Throughout his commentary, Pelagius is clearly uncomfortable with Paul’s more robust defenses of salvation by grace alone on the basis of Christ’s work alone. His commentary runs quickly-and with great distortion-over those passages; and then he regains his enthusiasm when he comes once again to Paul’s imperatives. This separates Paul’s imperatives-his commands for believers to do this or that-from his indicatives-his proclamations of what God has done for us-and so, since the gospel is found particularly in Paul’s indicatives, Pelagius completely misses Paul’s point. In reading Pelagius, it is hard to realize that you are reading a commentary on Romans if you do not keep on reminding yourself of that fact.
Scripture affirms divine sovereignty-including God’s exhaustive foreknowledge, predestination, and his overruling freedom-and human responsibility (which involves genuine creaturely freedom and therefore human accountability). Peter justly blames human beings for crucifying Christ even as he asserts that Jesus was delivered up by God’s foreordained council (see Acts 2:23; 3:12-18; cf. 4:27, 28). Scripture includes specific examples revealing God’s purposes even in the sinful acts his creatures freely commit (see Gen. 45:1-8; 50:20; Isa. 10:5-7; Lam. 3:38). Can we provide an explanation that resolves the mystery? Once again, reason risks running headlong into either fatalism or human autonomy. Systematic reflection forces us to integrate the whole of biblical teaching so that we will not exclude any part of the biblical witness. The fact that each major Christian doctrine ends up in mystery-yet without contradiction-is, I believe, a witness to its truth. Beware any alleged simple resolution of a major Christian truth.
One last example comes from the Protestant doctrine of the sufficiency of Scripture (sola scriptura). Our Roman Catholic friends regularly remind us that the very words, “Scripture alone,” cannot actually be found in Scripture itself. Of course, they are correct-if we take a strictly inductive, nave, and biblicistic approach. But the reformers did not demand that a doctrine is stated in so many words in a given verse or set of verses in order for it to be believed. “The whole counsel of God concerning all things necessary for His own glory, man’s salvation, faith and life, is either expressly set down in Scripture,” says the Westminster Confession, “or by good and necessary consequence may be deduced from Scripture: unto which nothing at any time is to be added, whether by new revelations of the Spirit or traditions of men” (I.vi; my emphasis). Like the doctrines of the Trinity, the two natures of Christ, and the relationship between divine sovereignty and human freedom, “Scripture alone” is a “good and necessary” deduction from Scripture’s whole teaching about itself in contrast to purely human authorities.

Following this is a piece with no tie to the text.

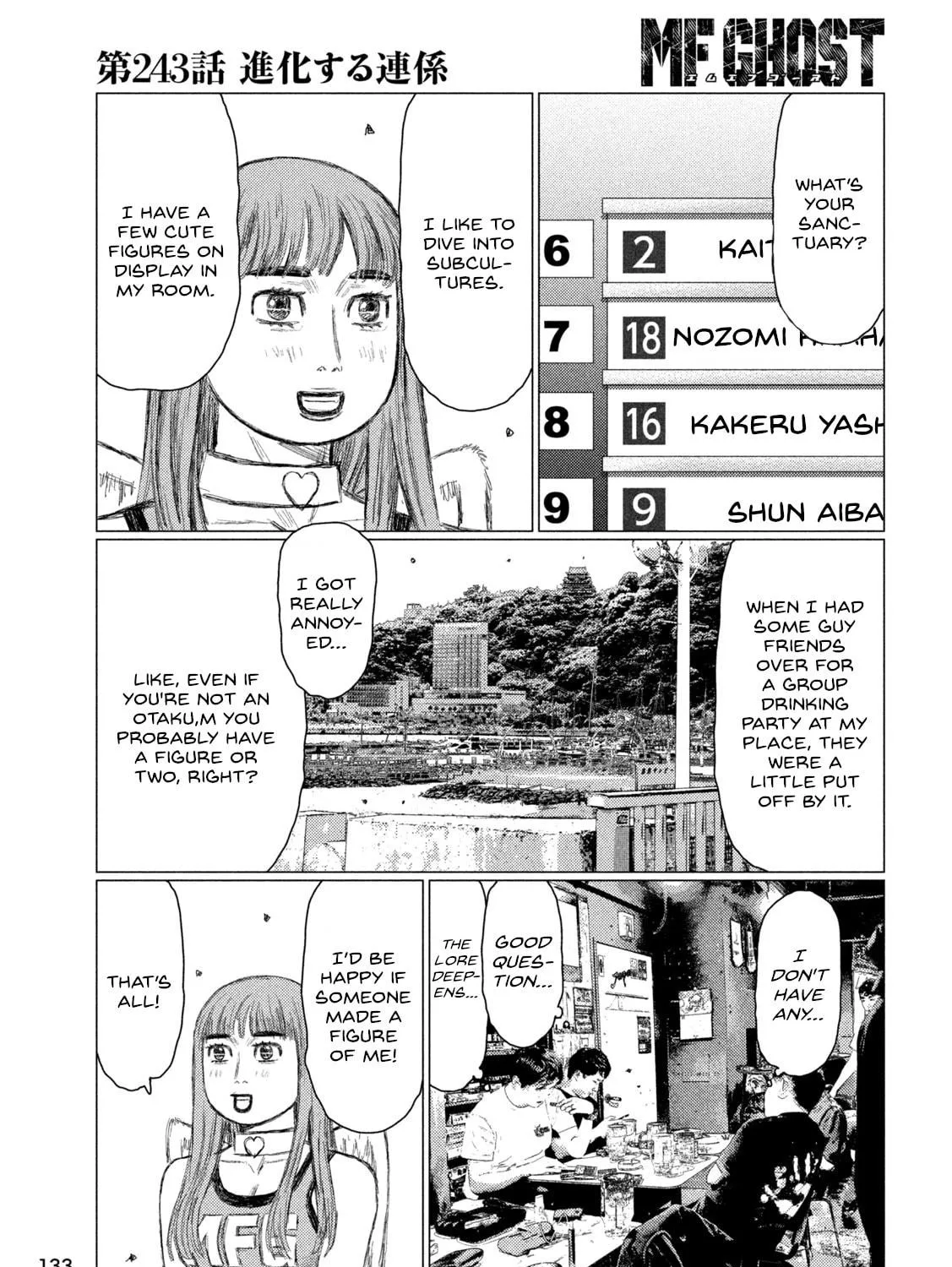 MF Ghost Chapter 243 page 29 -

Every Christian Needs Systematic Theology
How does systematic theology relate to laypeople? Biblical scholars may need to listen to systematic theologians and vice versa, but surely the average layperson can’t be expected to attain the rank of “systematic theologian.” Of course, that’s true. In fact, even a biblical exegete can’t be expected to become a systematic theologian in terms of professional training and specialization.
Nevertheless, we all need systematic theology. A month of inductive Bible studies is unlikely to lead a person to the doctrine of the hypostatic union of the two natures of Christ. It may raise questions that that doctrine answers, but there is no verse that says, “The same perfect in Godhead and also perfect in manhood; truly God and truly man, of a rational soul and body.” The rest of the brief Creed of Chalcedon (451 a.d.) reads:
Consubstantial with the Father [homoousion to patri] according to the Godhead, and consubstantial with us [homoousion ton auton hemin] according to the Manhood; in all things like unto us, without sin; begotten before all ages of the Father according to the Godhead, and in these latter days, for us and for our salvation, born of the Virgin Mary, the Mother of God [theotokou], according to the Manhood [anthropoteta]; one and the same Christ, Son, Lord, Only-begotten, to be acknowledged in two natures [duo physesin], inconfusedly, unchangeably, indivisibly, inseparably; the distinction of natures being by no means taken away by the union, but rather the property of each nature being preserved, and concurring in one Person [prosopon] and one Subsistence [hypostasis], not parted or divided into two persons [prosopa], but one and the same Son, and only begotten, God the Word, the Lord Jesus Christ, as the prophets from the beginning [have declared] concerning him, and the Lord Jesus Christ himself has taught us, and the Creed of the holy Fathers has handed down to us.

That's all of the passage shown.